Robinson: Will you forgive me going back? I read a piece that you had written in which you were worried that Article 50 can be overturned. I can see why, after all your adult life having this argument, you would be concerned about that. But my worry is that we’ll kill this interesting period of political debate by some sort of desperate, banal tedium of broadcasting being, ‘And now campaign A will be countered by campaign B. Campaign A will say X and campaign B will say not X.’ If we do that for two years, then we will all want to jump into the Channel.
Moore: One way of not doing it would be for the BBC to be much, much bolder about the subject matter, so you can then have programmes which are much more fierce either way. The BBC might then not always present leaving the EU as almost impossibly difficult. It’s a fight all the way: the BBC is trying to throw up obstacles instead of looking ahead and asking: ‘How does the decision that the nation has made get enacted?’

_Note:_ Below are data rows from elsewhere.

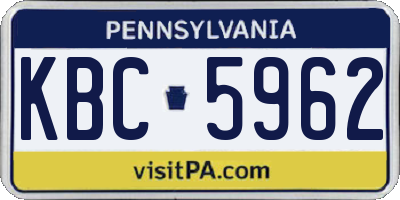 PA license plate KBC5962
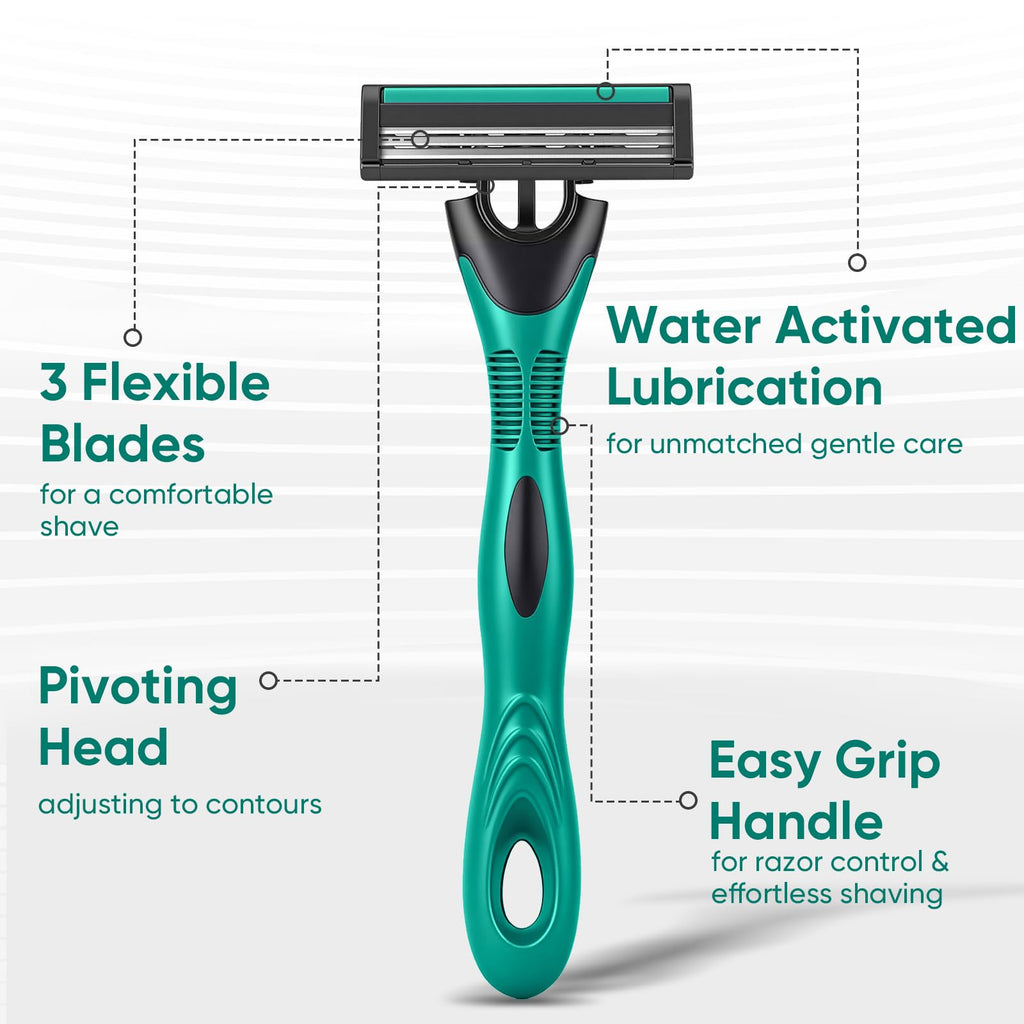 20 count Disposable Razors Blades for Men，3-Blade Razors，Bulk Stainless Steel Shavers with Lubricating Strip for Shaving Sensitive Skin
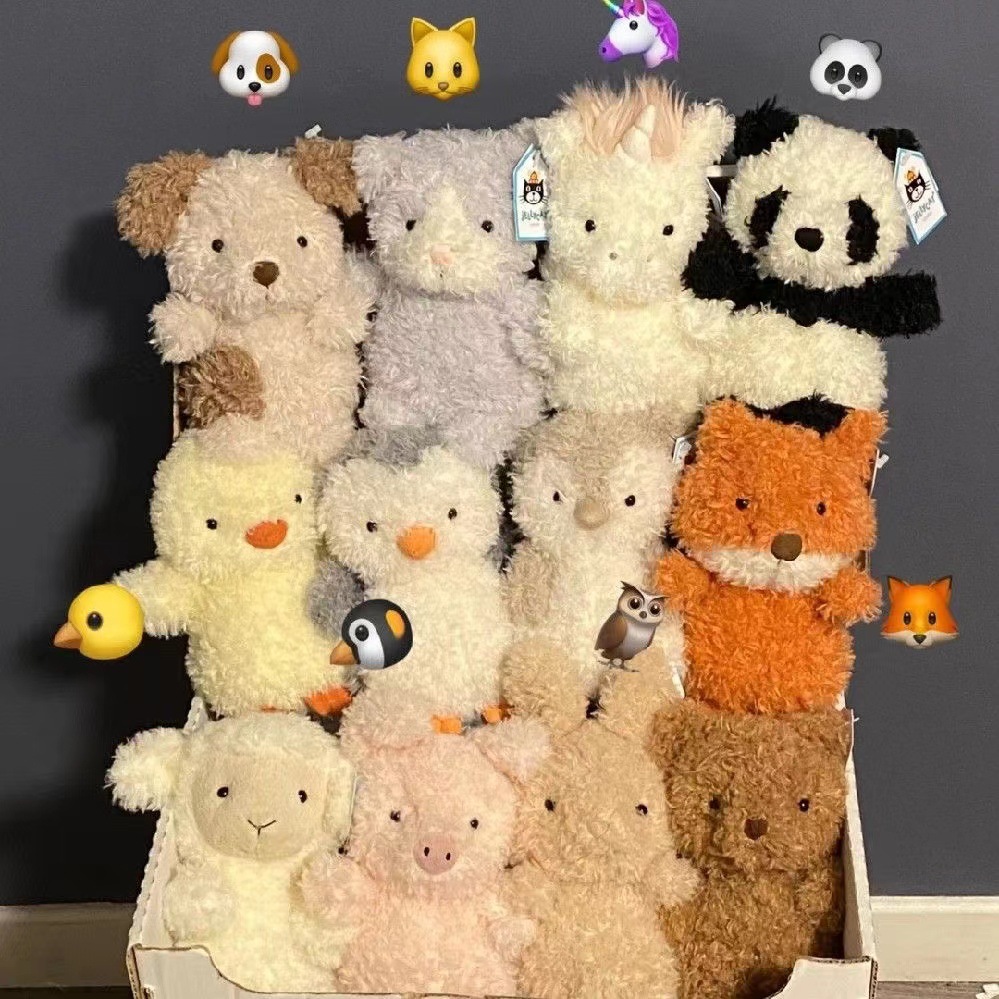 British Little Curly Small Animal Series Cartoon Piggy Doll Plush Toy Children's Soothing Doll Gift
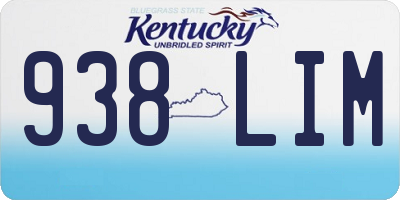 KY license plate 938LIM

Robinson: I not only disagree with but, frankly, resent the idea that the BBC is throwing up obstacles. The BBC didn’t take Brexit to the Supreme Court: people took it to the Supreme Court. When you edited the Daily Telegraph, you’d have sacked everybody who suggested: ‘Don’t cover that, cover Iain Duncan Smith’s latest press release.’ You cover the biggest story — which is, for example, that Brexit could have been derailed by a court case.
But a point you make really well — which I will take away — is that the system will keep throwing up potential problems, hurdles, call them what you will. Business uncertainty, legal cases, warnings from Europeans that this won’t be achieved in this or that negotiation — there is an endless supply of things that may sound like bad news, sour grapes or wishing for a different result. Now, I would say that they’re not. They’re generated by a real external process, not by the BBC, and we report on it. But we have to look for the range of voices, range of arguments and so on.
So my plea is: let’s not turn this debate into something dictated by 25-year-old PRs writing a ‘line to take’ to be read out by campaign spokesmen from either side. And end up stuck in that cycle for the next two years.
Moore: Well, we all say Amen to that. My little sign-off is that you’re going to have to change, because we are going to leave. And if the BBC is still the pro-Remain organisation, it won’t survive.
Robinson: Which it isn’t! And it will!